To calibrate "a lot," look at network totals. Taboola alone accounts for 157,727 creatives in our index and Outbrain for 84,252 (OpenAdLibrary index, June 2026). That volume is spread across thousands of advertisers, so a single brand fielding dozens of live variations is already punching above the median.
Count distinct creatives, not impressions. Impression counts are noisy and easy to misread. Creative count is a cleaner read on operational scale.

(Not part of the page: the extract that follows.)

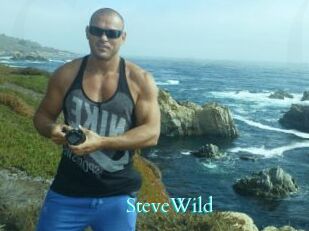 Steve_Wild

2. Placement breadth (how many publisher widgets carry the ads)#
A native ad widget is the recommendation unit at the bottom of an article ("Around the Web," "You May Like"). The more distinct publisher widgets an advertiser shows up on, the wider their buy. Broad placement across many high-traffic publishers signals either a large managed budget or aggressive programmatic native advertising bidding. Both cost money to sustain.
3. Creative longevity (how long an ad keeps running)#
This is the most underrated signal and arguably the most valuable. Native is bought on performance economics. An advertiser keeps paying to serve a creative only while it returns a positive margin. So an ad that has been live for weeks is, by definition, one the advertiser is actively funding because it works.
Longevity tells you two things at once: ongoing spend, and a validated winner. A momentary impression spike might be a test that gets killed in 48 hours. A long-runner is a proven money-maker someone is still paying for.
Here is where you have to be careful with the lore. You will read that "the best native ads run for 90 days or more." That is a general industry rule of thumb, not something we are claiming as our own finding. What we can show you is continuous observation: our index currently spans up to roughly 28 days of unbroken capture per creative, and a tight cluster of ads have held that full window. SmartAsset's "Ask a Pro: How Can I Avoid Paying Taxes on IRA Withdrawals?" has run the full 28 days on Outbrain. Hidden Hearing's "Try next-gen hearing aids" has done the same on the Microsoft Audience Network. A whole family of "My IQ" quiz ads sits at 28 days too (OpenAdLibrary index, June 2026). When the same creative survives every check you make over a month, that is a funded winner, not a fluke.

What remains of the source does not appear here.